RECORDS TO PROCESS:
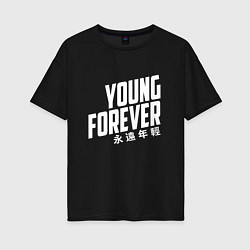 Женская футболка оверсайз Young Forever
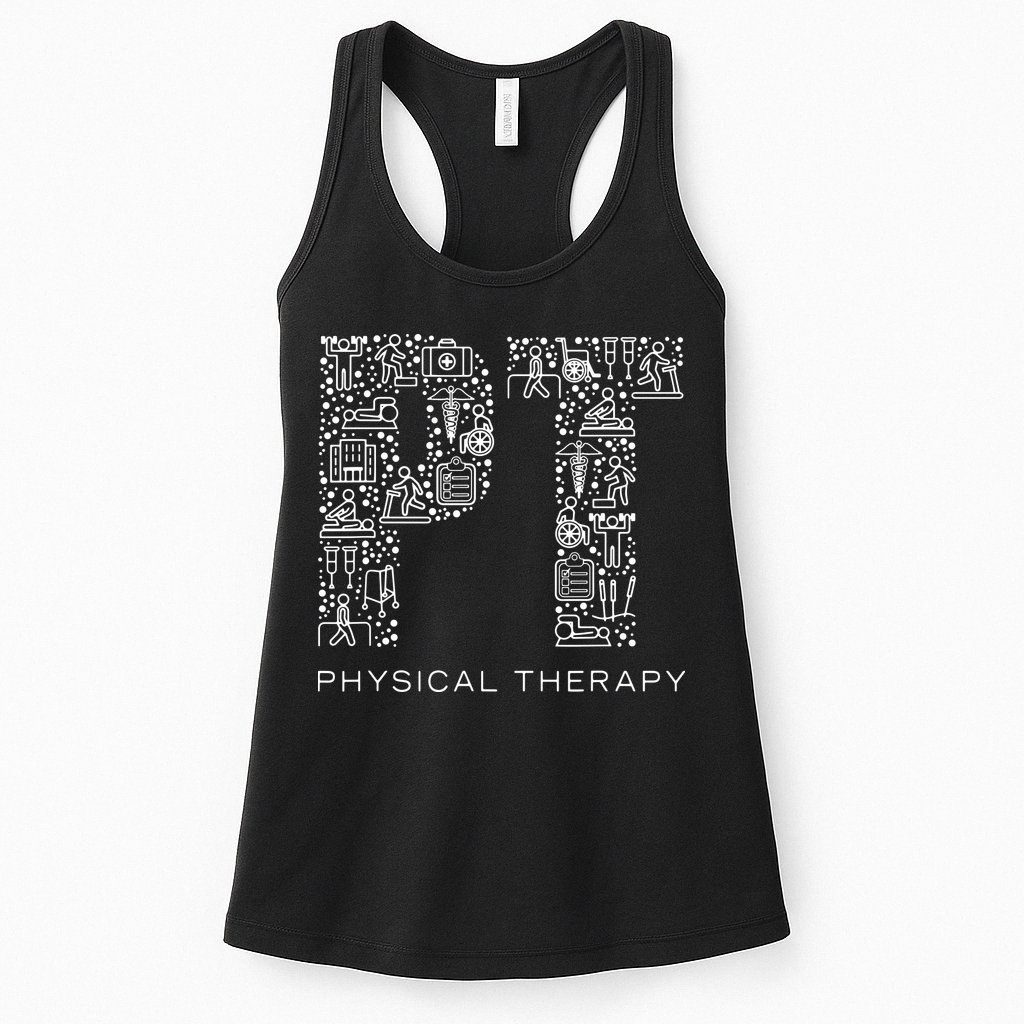 Physical Therapist Physical Therapy Gift PT Month Womens Tank Top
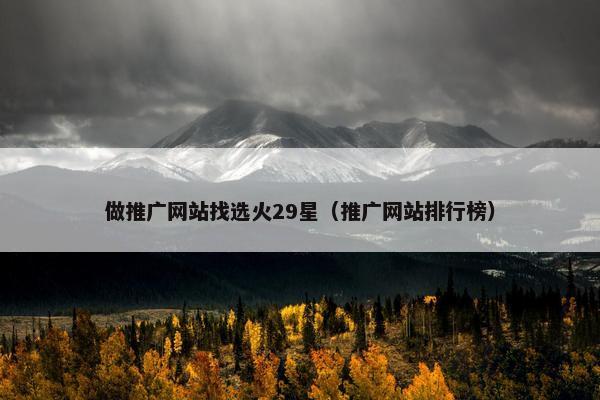 做推广网站找选火29星（推广网站排行榜）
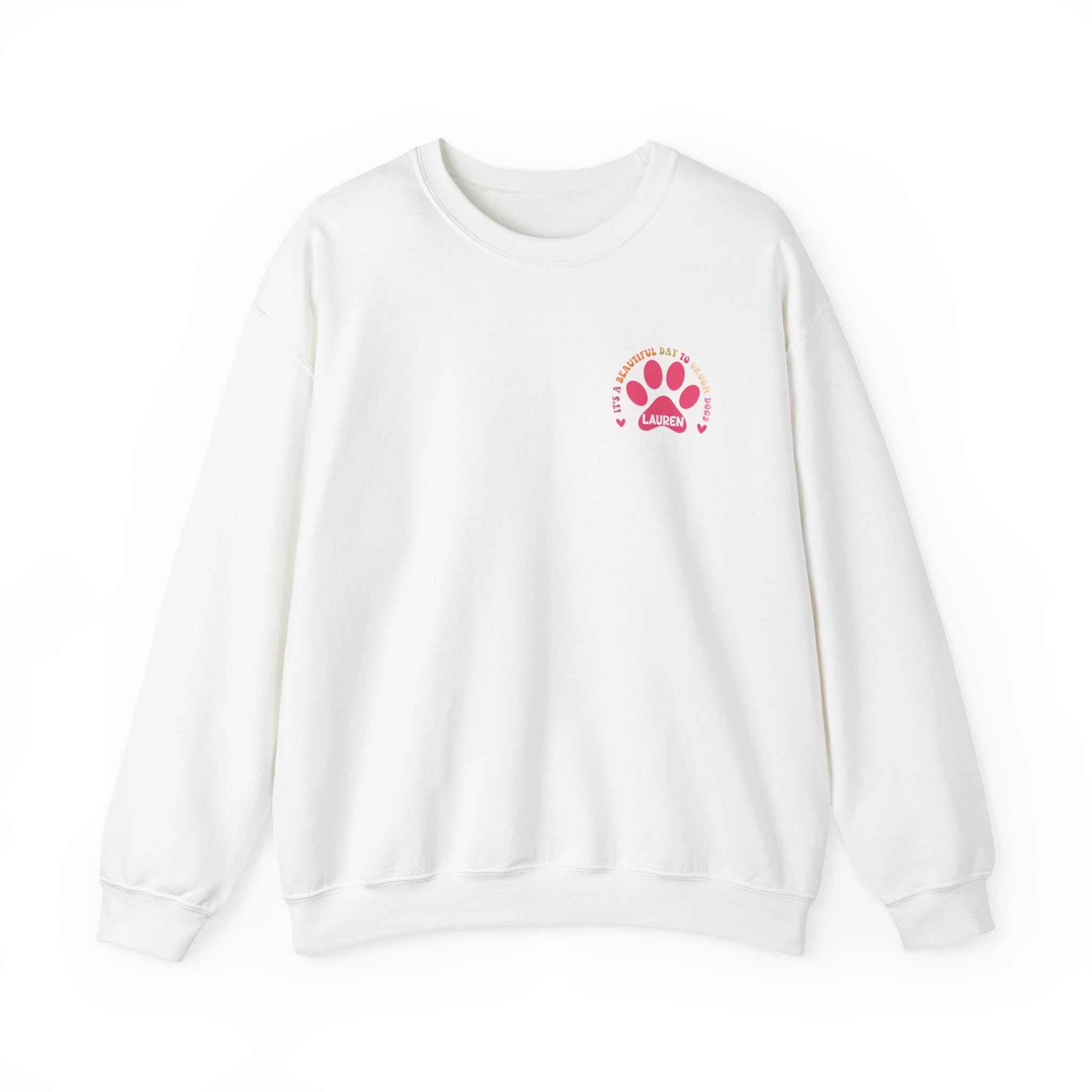 It's A Beautiful Day To Groom Dogs Sweatshirt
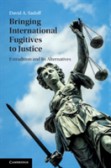 Bringing International Fugitives to Justice Bringing International Fugitives to Justice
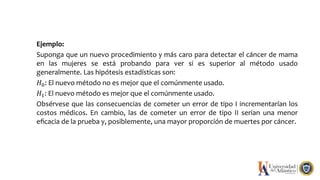 Ejemplo:
Suponga que un nuevo procedimiento y más caro para detectar el cáncer de mama
en las mujeres se está probando para ver si es superior al método usado
generalmente. Las hipótesis estadísticas son:
𝐻0: El nuevo método no es mejor que el comúnmente usado.
𝐻1: El nuevo método es mejor que el comúnmente usado.
Obsérvese que las consecuencias de cometer un error de tipo I incrementarían los
costos médicos. En cambio, las de cometer un error de tipo II serian una menor
eﬁcacia de la prueba y, posiblemente, una mayor proporción de muertes por cáncer.
 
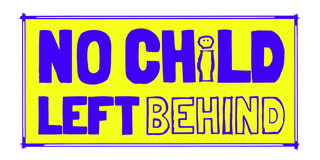 No Child Left Behind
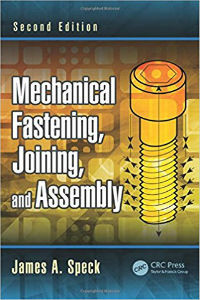 Mechanical Fastening, Joining, and Assembly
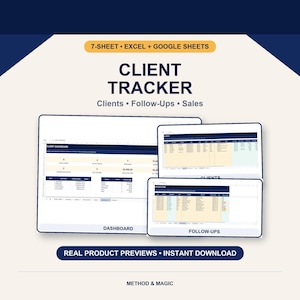 May include: A 7-sheet digital client tracker for Excel and Google Sheets featuring a dashboard, client list, and follow-up logs. The interface displays dark blue headers with light cream backgrounds, showing data tables for sales and client interactions.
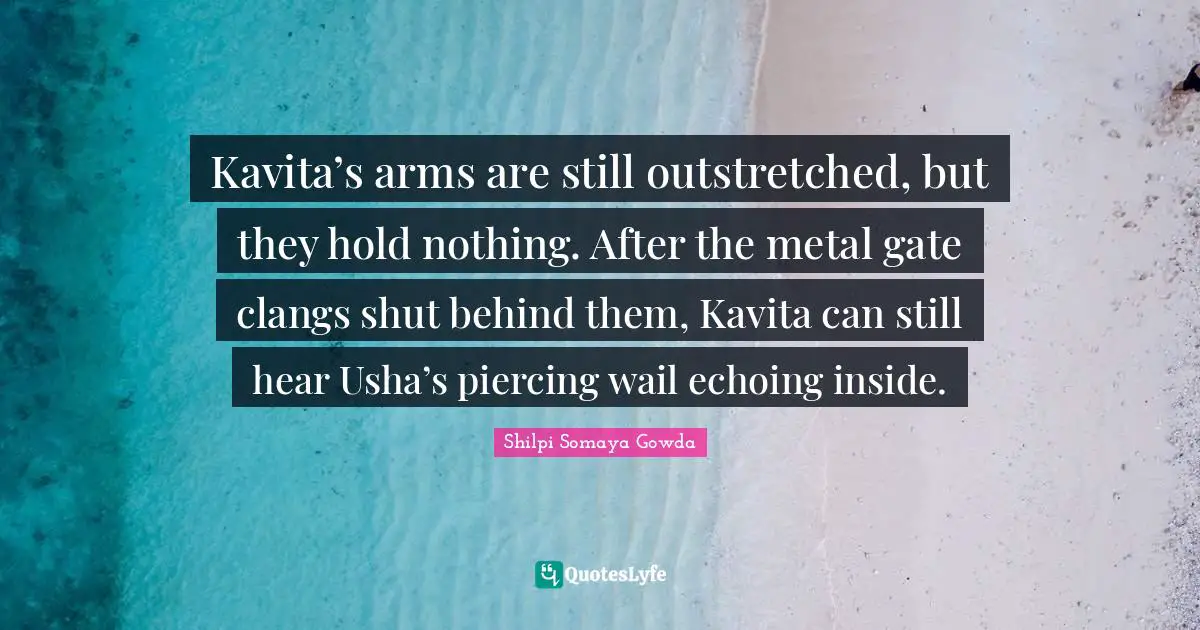 Kavita’s arms are still outstretched, but they hold nothing. After the metal gate clangs shut behind them, Kavita can still hear Usha’s piercing wail echoing inside.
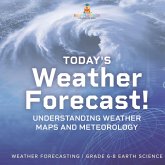 Today's Weather Forecast! Understanding Weather Maps and Meteorology Weather Forecasting Grade 6-8 Earth Science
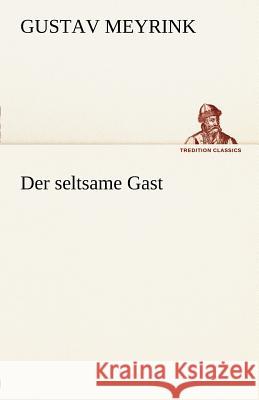 Der seltsame Gast Meyrink, Gustav 9783842491984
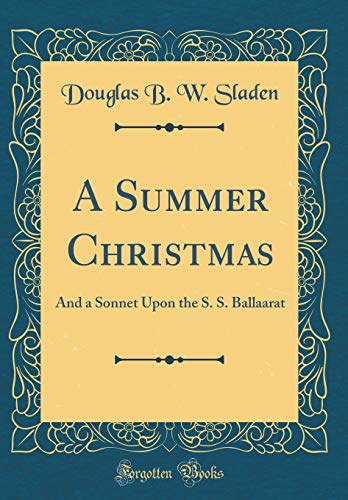 Stock image for A Summer Christmas And a Sonnet Upon the S S Ballaarat Classic Reprint for sale by PBShop.store US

WORK TO COMPLETE:
The answer must be the lines of the entries above, written out exactly from the first through the one with "Mechanical Fastening, Joining, and Assembly", and no pictures.

TASK ANSWER:
 Женская футболка оверсайз Young Forever
 Physical Therapist Physical Therapy Gift PT Month Womens Tank Top
 做推广网站找选火29星（推广网站排行榜）
 It's A Beautiful Day To Groom Dogs Sweatshirt
 Bringing International Fugitives to Justice Bringing International Fugitives to Justice
 Ejemplo:
Suponga que un nuevo procedimiento y más caro para detectar el cáncer de mama
en las mujeres se está probando para ver si es superior al método usado
generalmente. Las hipótesis estadísticas son:
𝐻0: El nuevo método no es mejor que el comúnmente usado.
𝐻1: El nuevo método es mejor que el comúnmente usado.
Obsérvese que las consecuencias de cometer un error de tipo I incrementarían los
costos médicos. En cambio, las de cometer un error de tipo II serian una menor
eﬁcacia de la prueba y, posiblemente, una mayor proporción de muertes por cáncer.
 
 No Child Left Behind
 Mechanical Fastening, Joining, and Assembly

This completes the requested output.